クレープタイプの長命寺と、もち米を粗く挽いた道明寺粉を使う道明寺とがあります。
ざっくりと長命寺が関東、道明寺が関西ですが、現代では関東でも道明寺をよく見かけます。
どちらも春を告げる菓子として昔から愛されていますよね。
皆様はどちらがお好きですか?

私はどちらも大好き!
どちらの食感も甲乙つけがたく、毎年どちらも買ってしまいます(笑)。
もちもちした生地と甘いこしあん、ふわりと香る桜の葉のほんのりした塩味。たまりません。

ところで、私はお花見をしたことがほとんどありません。
会社勤めの方は、仕事の一環としてお花見が恒例行事になっていたりもするのでしょうが(新入社員が場所取りをやらされたり)、ずっと非正規だったこともあり、ついでに接客業が多かったこともあって友人とは休みが違っていたりして、なかなか短い桜の咲き揃う期間には集まれなかったのです。

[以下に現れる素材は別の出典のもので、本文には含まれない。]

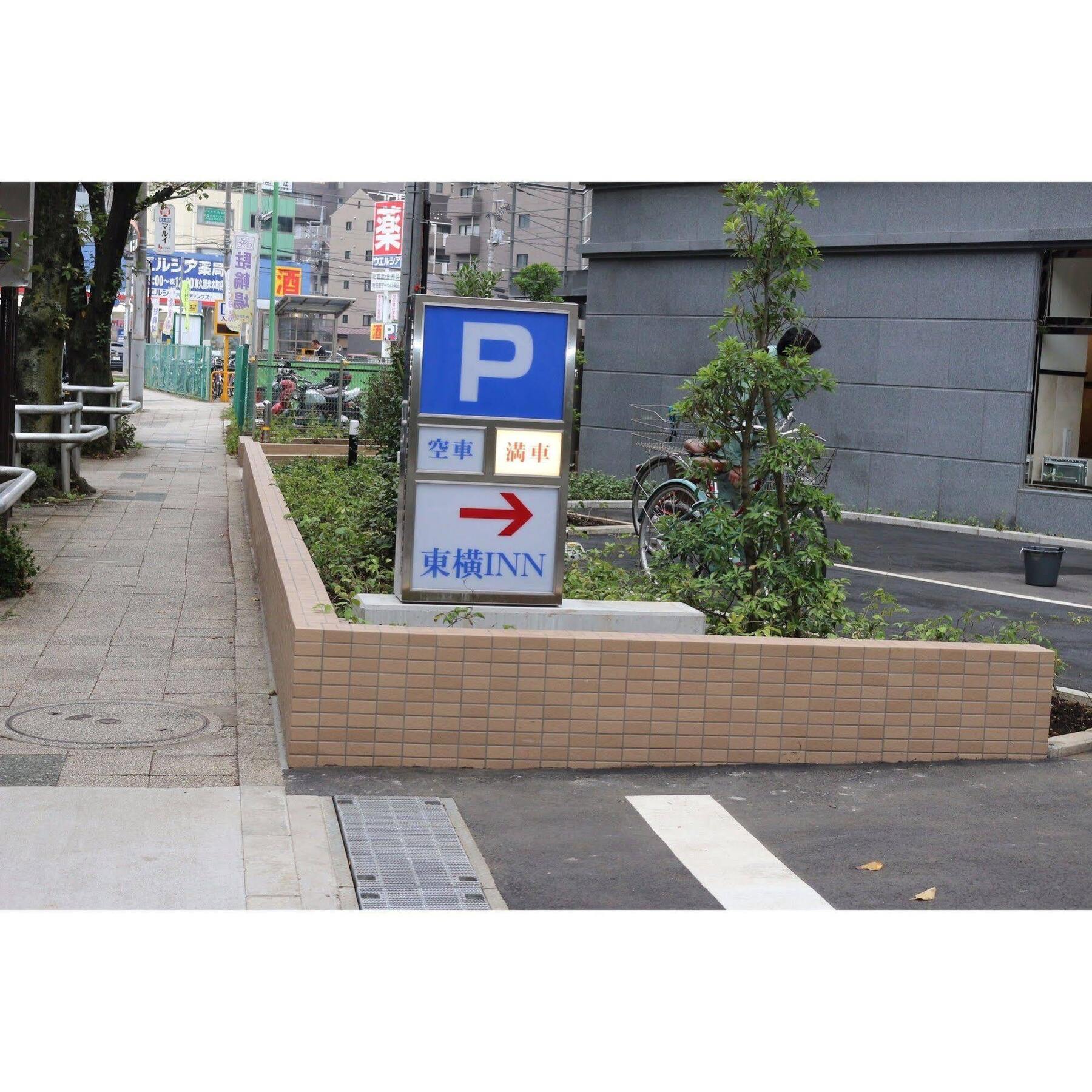 Toyoko Inn Tokyo Seibu Ikebukuro Sen Higashi Kurume Eki Nishi Guchi Dış mekan fotoğraf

そんな訳で、桜とはテレビなどで見かけるものであり、車で通り過ぎるだけのものだったのです。
数年前、デジカメを購入した機会に、お花見の宴会はないけれど、写真だけでも撮ってみようかな、と地元の桜の名所に出かけました。
どこまでも続く桜並木が見事に咲き誇っていて、夢のような景色でした。のんびりと歩きながら、写真を撮っていたのですが、ふとあることに気づきました。

桜の匂いがする!

それまで私が感じていた桜の匂いは、すべて桜の葉の匂いでした。桜餅であったり、桜フレーバーのお茶であったり。だから、満開の桜の中で、その匂いがするとは思っていなかったのです。
ほんのりとかすかに、しかし確かに桜の匂い。
当時はまだ花粉症デビューしておらず、マスクをしていなかったから嗅ぎとれたのでしょう。それくらい、かすかな、控えめな匂いでした。
そしてたくさんの桜が咲き誇る名所であったから、初めて私の鼻に届いたのでしょう。

桜って、花の時期でも香るんだ。

もっとも、たくさんの桜の中には早咲きで葉桜になりかけているものもあったので、その匂いだったのかもしれません。
ただ、私にとっては初めての発見、そしてものすごい衝撃でした。
私は桜を目で、鼻で楽しみ、大満足して帰ったのでした。

それ以来、桜餅を食べるとあの時の風景が思い浮かびます。

薄くもやのかかったような春の空、鞠のように枝先で咲く花々の淡くも様々な色合い、春風に漂うかおり。
舌にひろがる甘みとかすかな塩味を楽しみながら、胸中にひろがる、あの景色。
すべてが渾然一体となる、あの感じ。

味覚や嗅覚だけでなく、その思い出が加わって、とても幸せな気持ちになります。
だから私にとって桜餅は少し特別な食べ物になりました。

昔の人たちもそんなふうに桜の時期を楽しんでいたのかもしれません。花の時期が終わると柔らかな葉を摘み取って塩漬けを始めます。そうして次の春の準備をしているのですね。繰り返し、くりかえし、そうして素敵な春の訪れを今に伝えてくれたのだと思うと、ありがたいことだな、と感謝せずにはいられません。